Now that the semiconductor shortage is easing, manufacturer incentives are making a comeback and prices are starting to ebb, albeit slowly. Incentives made up 4.2% of the sticker price on a new car on average as of May, up from 2.4% last October, and are poised to keep climbing, according to consulting firm AlixPartners.
The average price of a new car was $47,892 in May, down 1.3% from its peak in December, according to Edmunds.
“We’re still in a pull market, but getting much more normalized over this period, which puts pressure on pricing, and of course pressure on manufacturer profits,” said Mark Wakefield, head of the automotive practice at AlixPartners’ office outside Detroit.
Costs continue to drive shoppers into the used market, said David Kelleher, owner of a Chrysler, Dodge, Jeep and Ram dealership in Philadelphia.
“I’ll have a customer come back on a three-year lease on a Ram truck — he leased the truck for $394 a month three years ago. I say, ‘Well, great news, you’re going to be at $687.’ ”
“That’s very difficult to do,” Kelleher said. “It’s led to a choppy market.”

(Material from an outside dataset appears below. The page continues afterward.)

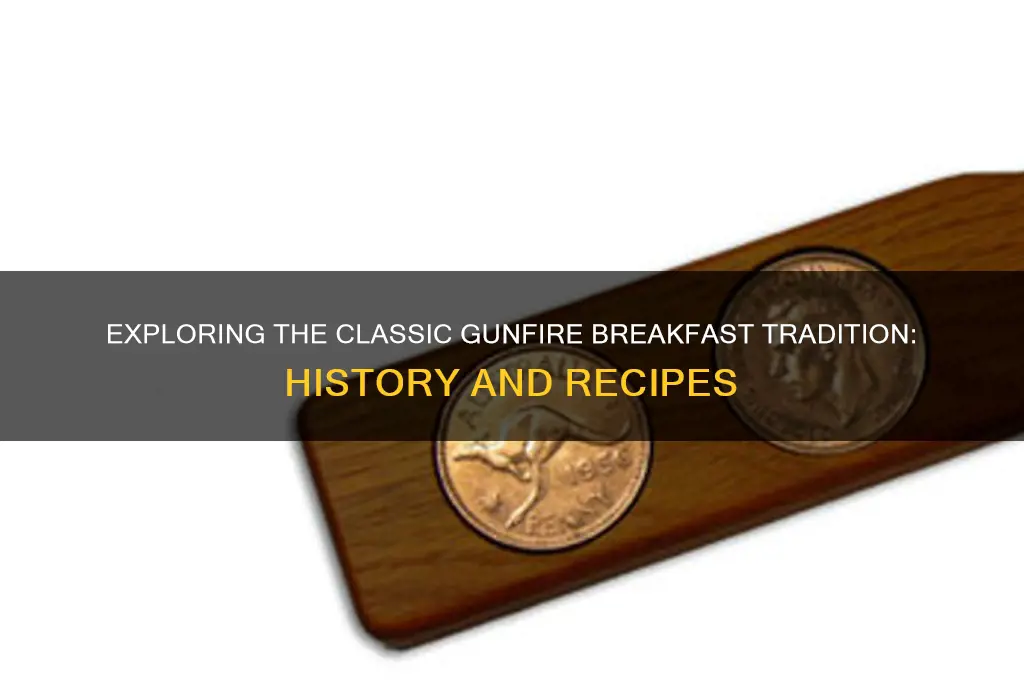 what is a traditional gunfire breakfast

Jeep, Ram and Nissan offered the highest incentives as a percentage of transaction price among a dozen brands in May, according to analysis by Cox Automotive.

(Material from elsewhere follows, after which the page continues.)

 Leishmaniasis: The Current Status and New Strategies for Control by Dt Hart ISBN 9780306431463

General Motors Co. likely increased market share in the first half of the year by outselling all of its peers, while Honda Motor Co. and Tesla Inc. also gained share, according to Cox. Toyota Motor Corp. and Stellantis NV lost market share, according to the forecast. Many of the largest car companies, including Toyota, will report second-quarter U.S. sales numbers on July 3.
Second Half Outlook
The need to replenish dealer lots will continue to drive sales in the second half of the year, though analysts are doubtful the industry can maintain the same momentum. Automakers have also vowed to keep a tighter rein on inventory to preserve pricing power.
Prior to the pandemic, annual U.S. auto sales topped 17 million for five consecutive years, well above the 15 million forecast for 2023.

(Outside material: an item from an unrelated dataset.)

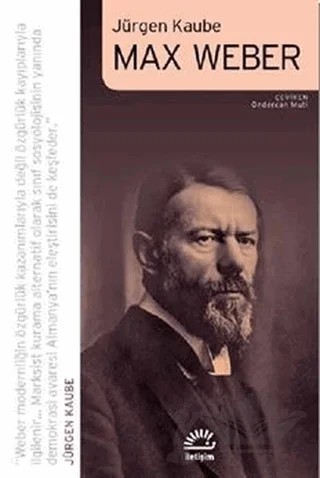 Max Weber – Jürgen Kaube – İletişim Yayınevi kitap kapağı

Tesla, which slashed prices earlier this year to defend its position as the EV market leader, could also pressure automakers to swallow more of the cost of electric vehicles.
“There will be an easing of the current record levels of pricing and profitability as manufacturer incentives gradually increase,” said Thomas King, president of data and analytics at J.D. Power. “Nevertheless, this will be offset to some extent by an increase in overall sales volumes.”